*GIVEN ENTRIES*.
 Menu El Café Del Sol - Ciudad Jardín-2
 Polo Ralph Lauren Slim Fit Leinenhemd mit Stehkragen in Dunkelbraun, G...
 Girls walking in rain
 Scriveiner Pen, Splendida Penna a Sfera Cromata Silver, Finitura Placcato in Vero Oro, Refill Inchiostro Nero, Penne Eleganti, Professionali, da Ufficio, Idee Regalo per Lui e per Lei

...

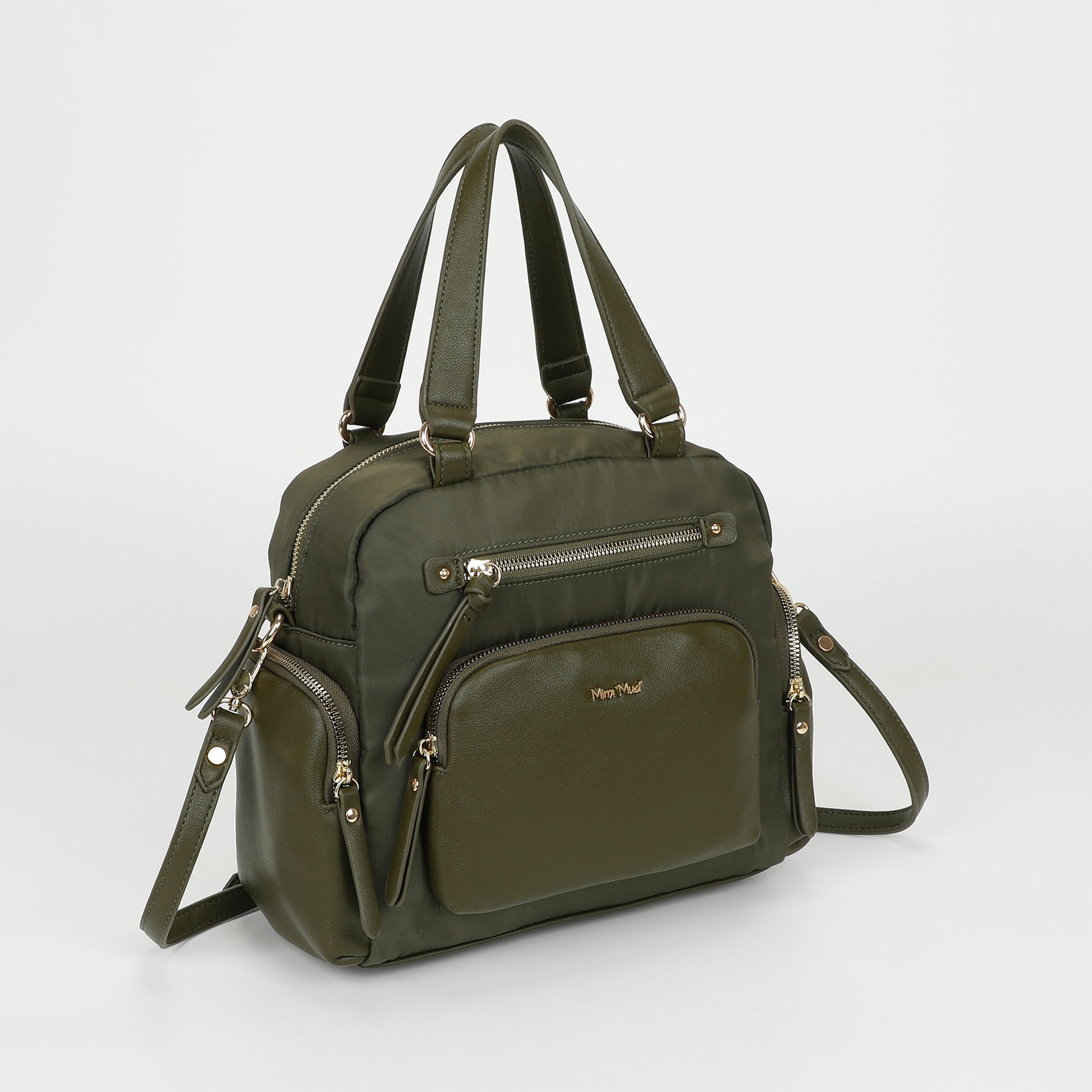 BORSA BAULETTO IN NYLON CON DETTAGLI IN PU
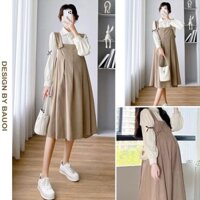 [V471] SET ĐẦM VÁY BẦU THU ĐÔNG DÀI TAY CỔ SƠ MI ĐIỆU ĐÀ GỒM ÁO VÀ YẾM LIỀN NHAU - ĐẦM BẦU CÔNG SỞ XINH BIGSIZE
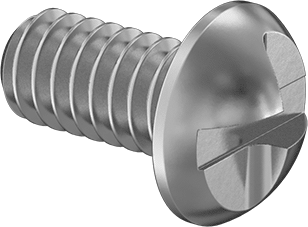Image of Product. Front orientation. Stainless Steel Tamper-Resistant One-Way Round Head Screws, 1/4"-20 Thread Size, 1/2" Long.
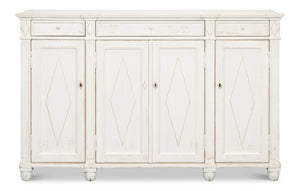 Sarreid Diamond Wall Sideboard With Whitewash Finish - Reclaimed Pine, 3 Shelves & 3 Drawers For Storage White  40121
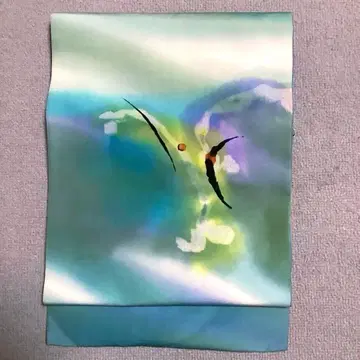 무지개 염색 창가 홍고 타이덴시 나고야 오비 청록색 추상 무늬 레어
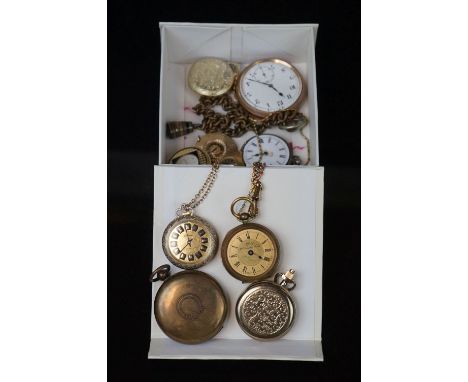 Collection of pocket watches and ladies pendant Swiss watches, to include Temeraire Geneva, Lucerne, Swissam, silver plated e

...

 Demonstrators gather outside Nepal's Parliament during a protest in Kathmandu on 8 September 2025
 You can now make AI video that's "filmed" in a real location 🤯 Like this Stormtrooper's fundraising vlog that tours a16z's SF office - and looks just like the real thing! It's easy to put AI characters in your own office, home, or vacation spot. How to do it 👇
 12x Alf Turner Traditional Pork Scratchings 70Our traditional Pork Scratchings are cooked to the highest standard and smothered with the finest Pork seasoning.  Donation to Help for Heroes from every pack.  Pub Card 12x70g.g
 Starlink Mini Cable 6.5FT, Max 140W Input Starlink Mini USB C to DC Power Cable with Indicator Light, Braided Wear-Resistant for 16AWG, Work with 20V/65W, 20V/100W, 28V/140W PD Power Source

*ABOUT THIS EXERCISE*. Begin at the line that has "Menu El Café Del Sol - Ciudad Jardín-2" in the entries above; stop after the line that has "Scriveiner Pen, Splendida". Transcribe exactly those lines and no others.

*TASK SOLUTION*.
 Menu El Café Del Sol - Ciudad Jardín-2
 Polo Ralph Lauren Slim Fit Leinenhemd mit Stehkragen in Dunkelbraun, G...
 Girls walking in rain
 Scriveiner Pen, Splendida Penna a Sfera Cromata Silver, Finitura Placcato in Vero Oro, Refill Inchiostro Nero, Penne Eleganti, Professionali, da Ufficio, Idee Regalo per Lui e per Lei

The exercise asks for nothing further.